Europäische Anleihen
Wie man den Investoren den Appetit verdirbt

Alle starren auf die Kurse italienischer Staatsanleihen. Doch eigentlich geht es nicht um die hohen Risikoaufschläge, sondern um die Frage, wer in Zukunft überhaupt noch europäische Anleihen kaufen soll.

Ein Land, das vier Amtszeiten unter einem Hallodri wie Silvio Berlusconi überlebt, muss ziemlich robust sein. Und in der Tat verfügt Italien trotz aller Unkenrufe über ein Maß an gesellschaftlicher Stabilität und ökonomischer Kraft, das Vergleiche mit Ländern wie Griechenland oder Portugal verbietet.

In der vergangenen Woche war überall zu lesen, ein Zinsniveau von sieben bis acht Prozent sei mörderisch und unhaltbar für Italien. Doch in Wahrheit geht es nicht um die Risikoaufschläge, die Investoren gegenwärtig verlangen. Die Gefahr ist eine andere, viel fundamentalere: Finden sich im nächsten Jahr überhaupt noch Privatinvestoren, die bereit sind, ihr Geld in italienische (oder französische) Staatsanleihen zu stecken? Es geht bei den Turbulenzen an den Finanzmärkten inzwischen keineswegs nur um das Vertrauen in Italien, sondern um das generelle Vertrauen in eine ganze Anlagekategorie.

Bis vor einem Jahr galten die Staatsanleihen der EU-Kernländer als vollkommen risikolos. Die Banken mussten sie deshalb nicht mit Eigenkapital unterlegen. Der Hair-Cut bei griechischen Staatsanleihen zwingt nun nicht nur die Banken, sondern alle privaten Investoren zu einer völligen Neueinschätzung. Sie müssen plötzlich Teilausfälle von europäischen Staatsanleihen ins Kalkül ziehen, Abschreibungen auf ihre Bestände vornehmen und Eigenkapital für sie vorhalten.

Die Sonderrolle, die europäische Staatsanleihen bisher für private Investoren spielten, geht unwiederbringlich zu Ende.
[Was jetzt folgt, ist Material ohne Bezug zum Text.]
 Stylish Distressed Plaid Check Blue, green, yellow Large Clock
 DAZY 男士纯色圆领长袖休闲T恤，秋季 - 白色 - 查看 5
Selbst auf einen wichtigen Vorteil können sich die Investoren nicht mehr verlassen: auf ihre hohe Liquidität. Viele Anleihen aus Problemländern sind so gut wie unverkäuflich geworden. Nur deutsche Staatsanleihen funktionieren in einer Welt, die nur noch Risiken sieht, weiterhin als ultimativer Sicherheitsstandard und ständig liquide Kapitalanlage. Aber schon die französischen Staatsanleihen könnten im weiteren Gefolge der jetzigen Schuldenkrise leicht in ähnliche Schwierigkeiten geraten wie die italienischen.

Außerdem fallen zahlreiche Nachfrager der Vergangenheit vollständig aus - zum Beispiel in Deutschland die Hypo Real Estate oder einige Großbanken in Frankreich. Und auch die Versicherungen werden mittelfristig kaum noch viel Appetit zeigen, wenn sie europäische Staatsanleihen als riskanter einschätzen müssen als beispielsweise Unternehmensanleihen.

Was wir in diesen Wochen erleben, ist also mal wieder ein gutes Beispiel für das Gesetz der ungeahnten Folgen: Weil die Regierungen in der Euro-Zone die privaten Anleger zu einer Neubewertung von Staatsanleihen zwingen, erzeugen sie überhaupt erst einen Großteil der Probleme, die zur Begründung dieser Neubewertung herhalten müssen. Der öffentliche Druck, den Angela Merkel und andere gegen Italien organisieren, ist zwar verständlich. Aber er wirkt zugleich als Brandbeschleuniger der Schuldenkrise. Die Europäer müssten schnellstens lernen, wieder mehr gemeinsam zu handeln, als übereinander zu reden.

Der Autor ist Publizist und war lange Jahre Chefredakteur des Handelsblatts.